Activity.
Would you set down the data that follows, word for word, without any pictures?

Dataset extract.
▬▬▬
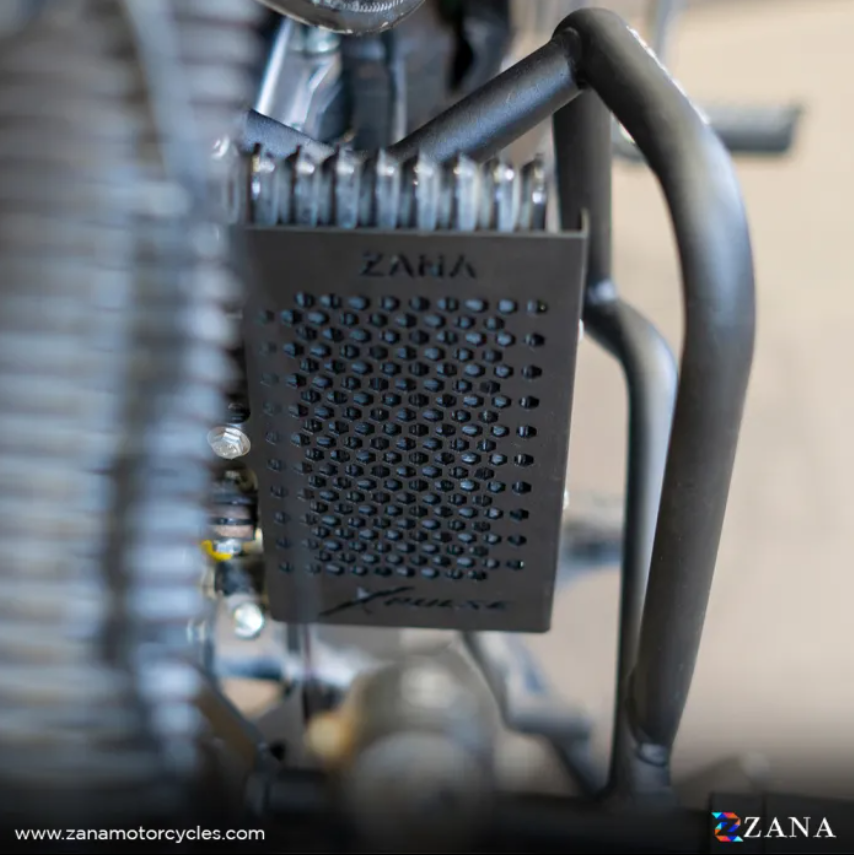 Thumbnail: Zana Radiator Guard (Hero Xpulse 200)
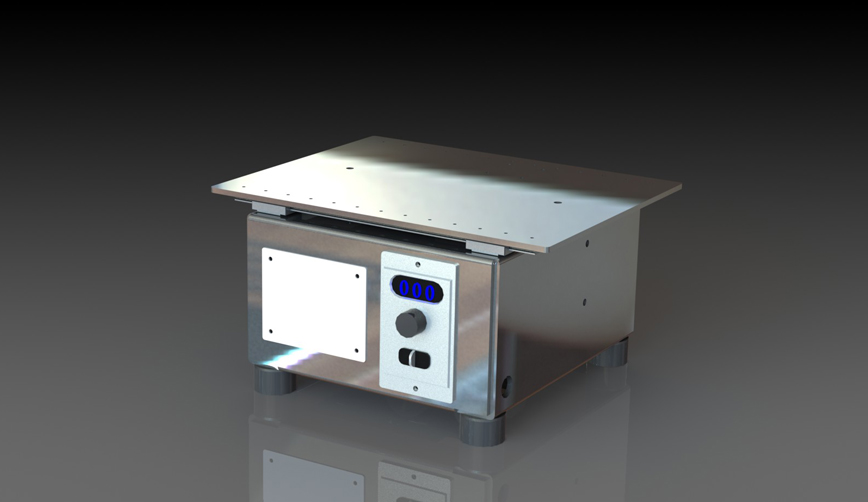 Vibrating Table 【Desktop earthquake simulation】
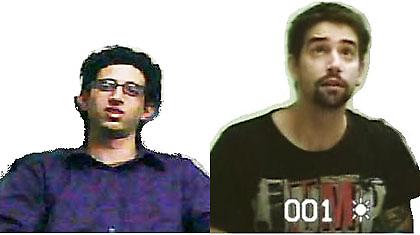 Τα παιδιά με τα πακέτα!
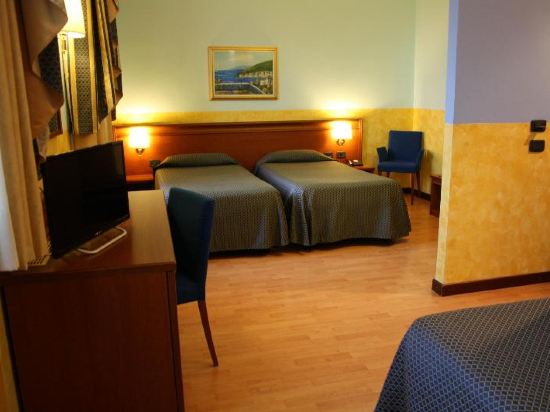 Hotel Majestic Room Type - Double Room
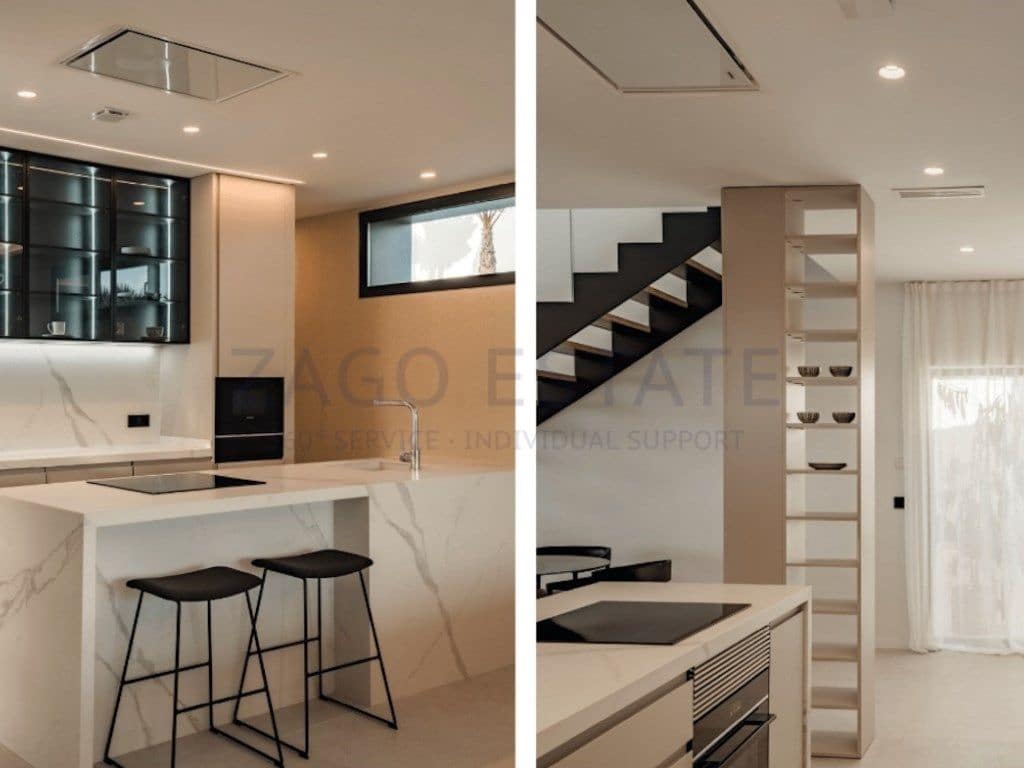 4 camera da letto Villa in vendita in Finestrat con garage - 1.050.000 € (Rif: 9468727)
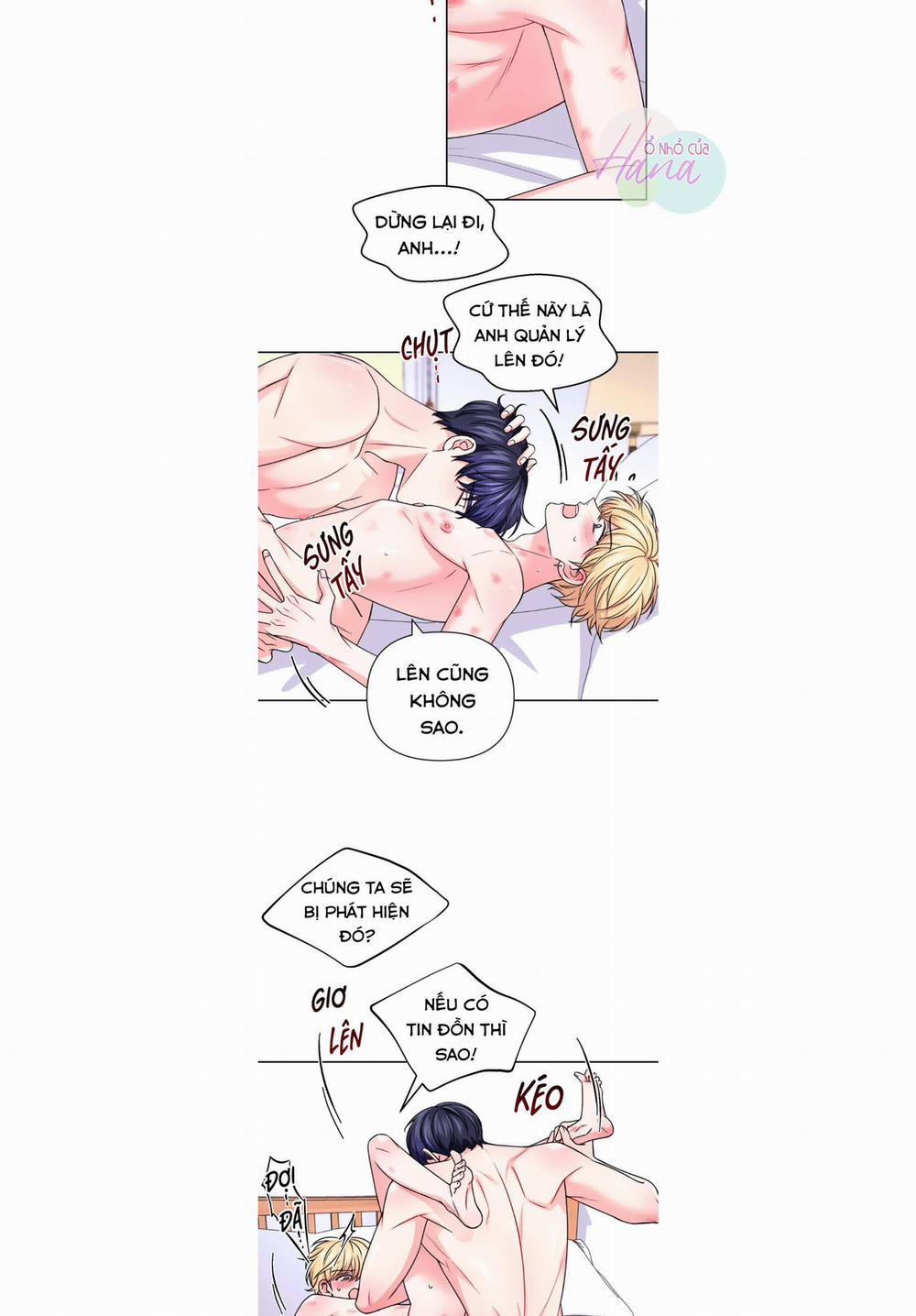 Kinh Nghiệm Cảnh Nóng 63 trang 5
▬▬▬
The answer.
 Thumbnail: Zana Radiator Guard (Hero Xpulse 200)
 Vibrating Table 【Desktop earthquake simulation】
 Τα παιδιά με τα πακέτα!
 Hotel Majestic Room Type - Double Room
 4 camera da letto Villa in vendita in Finestrat con garage - 1.050.000 € (Rif: 9468727)
 Kinh Nghiệm Cảnh Nóng 63 trang 5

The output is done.